Bang Fai Phaya Naga


Bang Fai Phaya Naga
Bang Fai Phaya Naga

Date: Unknown

Location: Mekong River, Thailand

The bung fai paya nak, or Naga fireballs in English, spring up every October from the Mekong River in Thailand. Even Time magazine has covered the event, reporting that "each year, anything from 200 to 800 of the fiery orbs are sighted along a 100-kilometer stretch of the river". The October full moon is the most likely time for the orbs to appear, and as a result up to 400,000 people visit the river to catch their appearance. The rate at which they are seen on that night is variable, and may depend on the weather: in rainy years, less appear.

Local tradition states that the fireballs are from the nak, a serpent from Buddhist legend. Modern science disagrees, of course. There was quite a controversy in Thailand recently when a news station there, iTV, presented a programme stating that the fireballs were faked, and nothing more than tracer rounds fired by the Lao army ( the river denotes the border between Thailand and Laos ). People living by the river claim that this is absurd since the lights have been seen along the river for decades.

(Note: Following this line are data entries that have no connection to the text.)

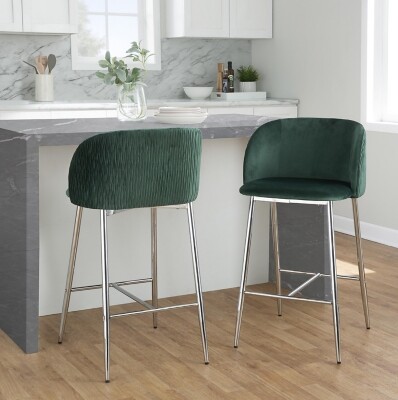 LumiSource Fran Waves Counter Stool (Set of 2)
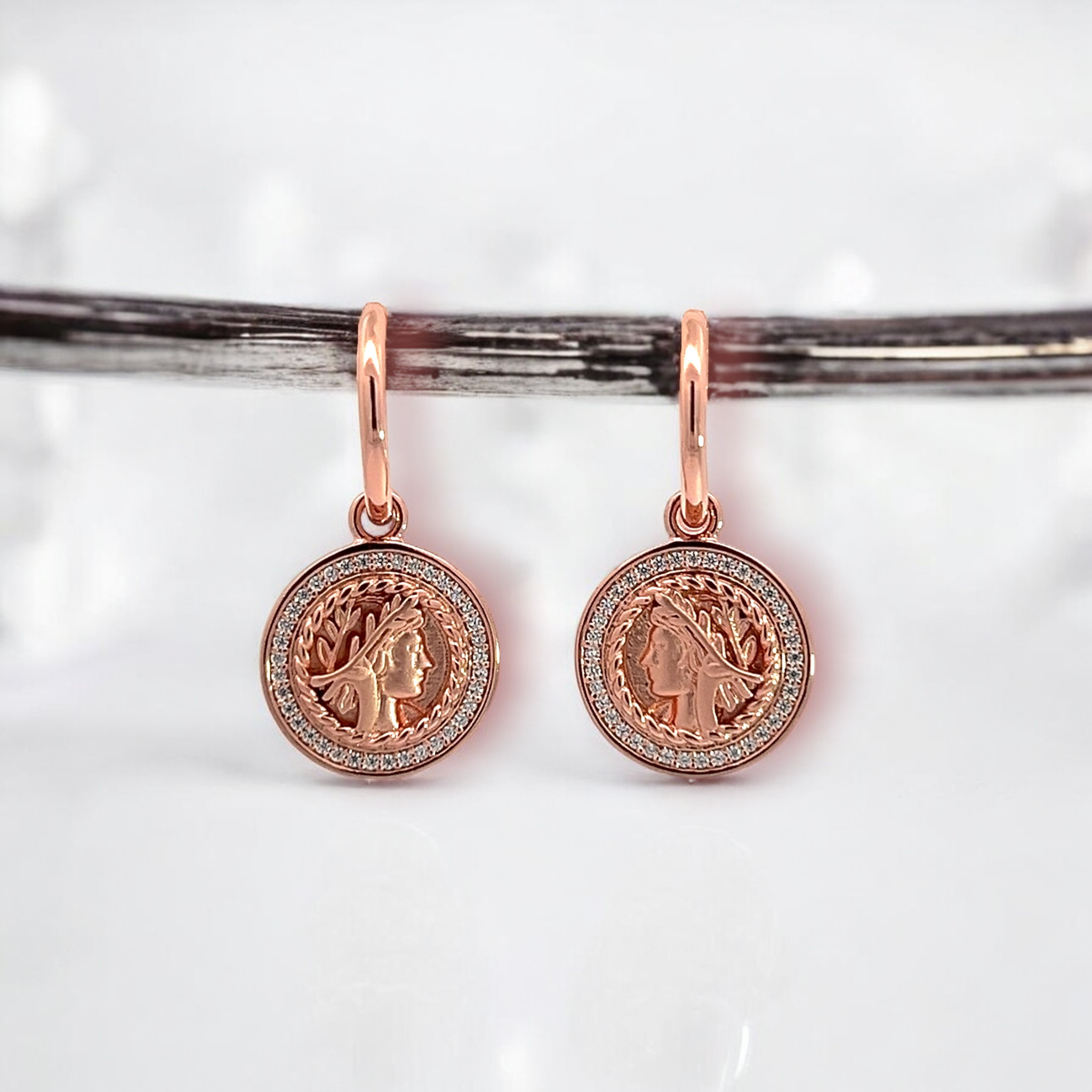 Rose gold coin earrings discount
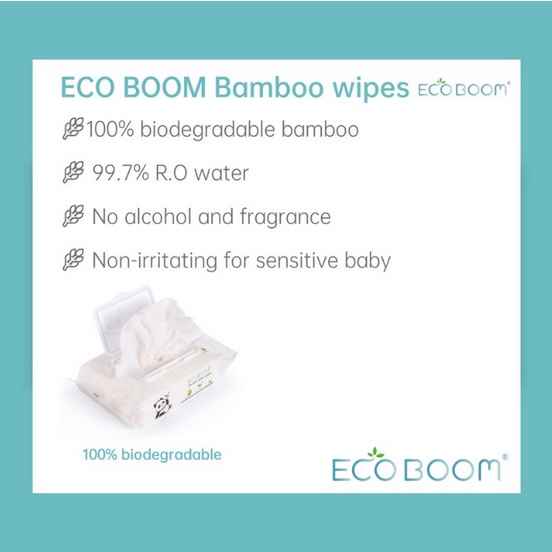 Eco Boom Bamboo Water Wet Wipes - Tissue Tisu Basah 60 Sheets Ecoboom Tisu Basah Bayi Baby Wet Wipes Pure Water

The official scientific line, corroborated by a statement from Thailand's Ministry of Science and Technology, is that the fireballs are nothing but natural phosphene and methane gas being released from the river. This is the same mechanism as is commonly proposed to be behind Will-o'-the-wisp. Their investigations, with Mahidol University, continue, and though many people have accepted this explanation, there are still disagreements. Professor Montri Boonsaneur, for example, is quoted in the Time article as saying that bubbles of methane could not be propagated by the turbulent river.

Reports of when in the day the fireballs actually appear vary, but generally place them at being early evening: after sunset, but before midnight. The first moon of October is also the last month of the Buddhist three-month lent, so people flock to Phon Phisai, Sung Kom, Sri Chiang Mai, and Pak Khad districts, not only to see the Bang Fai Phaya Nark ( there are almost as many spelling variants as there are visitors ) but to celebrate the end of that period.